Last updated on: March 22, 2022, 07:39h.
Australia’s Star Entertainment Group continues to be the focus of attention over alleged breaches of anti-money-laundering policies and more. The casino operator’s boss became aware of issues years ago, but ignored the signs.
“Wrong” and “unacceptable.” These are the words Star Entertainment boss Matt Bekier used to describe an audit KPMG conducted in 2018. New South Wales (NSW) continues to grill current and former employees of the company. As it does, more details are emerging over how it refused to respond to questions over certain practices.
The revelations are indicative of an executive culture that ignored established policies and procedures. They also could bring to an end the careers of several long-time executives, as well as put in jeopardy the future of Star’s operations.
Blinded by the Light
In May 2018, accounting firm KPMG delivered a report to Star’s brass. It found that the company was lax in its AML controls and recommended several adjustments. Millions of dollars were arriving to the Star Sydney from VIP gamblers, no questions asked.
However, as the NSW Independent Liquor and Gaming Authority (ILGA) learned this week, Bekier couldn’t handle the truth. The Sydney Morning Herald reports that Paul McWilliams is now in the regulator’s hot seat. The former chief risk officer at Star explained this week that his concerns about company practices were echoed in the KPMG report.
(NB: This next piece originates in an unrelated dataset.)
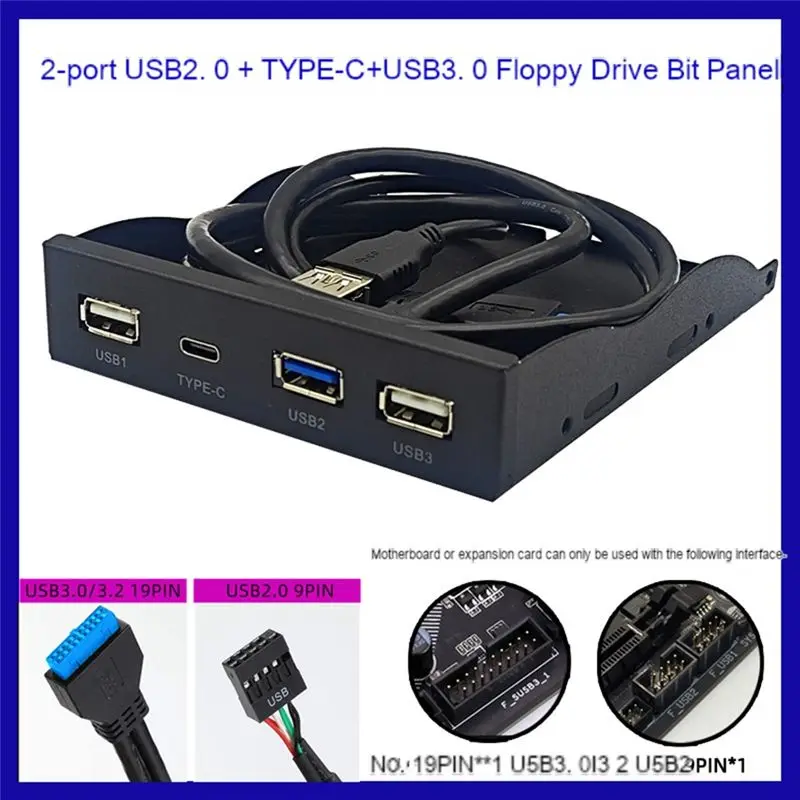 Фото USB3.2 GEN1 TYPE-C Панель для флоппи-дискового привода, 3,5-дюймовый HUB, 19-контактный разъем для порта C, реверсивное подключение, 5 Гбит/с, прочный, простая установка, удобный в использовании-A31 №2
When Bekier received the findings, the CEO couldn’t handle the truth. He allegedly threw a tantrum in a meeting of the executive minds over the report. He asserted that the findings were “unacceptable” and contained factual errors.
The audit showed a “fundamental deficiency” in the company’s AML program. However, company chairman John O’Neill sided with Bekier, which effectively blocked any changes. It also caused other executives to doubt the report since “the boss is always right.”
Mr Bekier was sat down, turning the pages of the report, essentially berating us for the whole entire time of that meeting,” stated KPMG employee Alexander Graham.
An “unprofessional” Bekier even told KPMG in a subsequent meeting that it didn’t know what it was doing. He said the firm didn’t know what it was talking about as he remained “in a sulk.”
McWilliams left Star the following year.
More Damning Evidence Surfaces
During the inquiry, the IGLA also learned that Star repeatedly worked with junkets without conducting risk assessments on those operators. McWilliams confirmed that it was possible for someone to walk into the Star Sydney with $200,000 in cash, no questions asked. Star gave Junkets a pass because, according to the company, it wasn’t easy to identify the source of funds of their customers.
These latest admissions, together with an acknowledgement that Star fudged paper trails to hide high-roller spending, don’t bode well for the company’s future. They also put an undue burden on the entire casino industry, which has always fought the stigma of being an easy mark for money laundering.
Star set itself up to receive the same treatment NSW gave to Crown Resorts. Its own dereliction of duty led it to where it is today. The inquiry continues this week, but will likely wrap up quicker than the Crown inquiry. As a result, a Star shakeup could be right around the corner.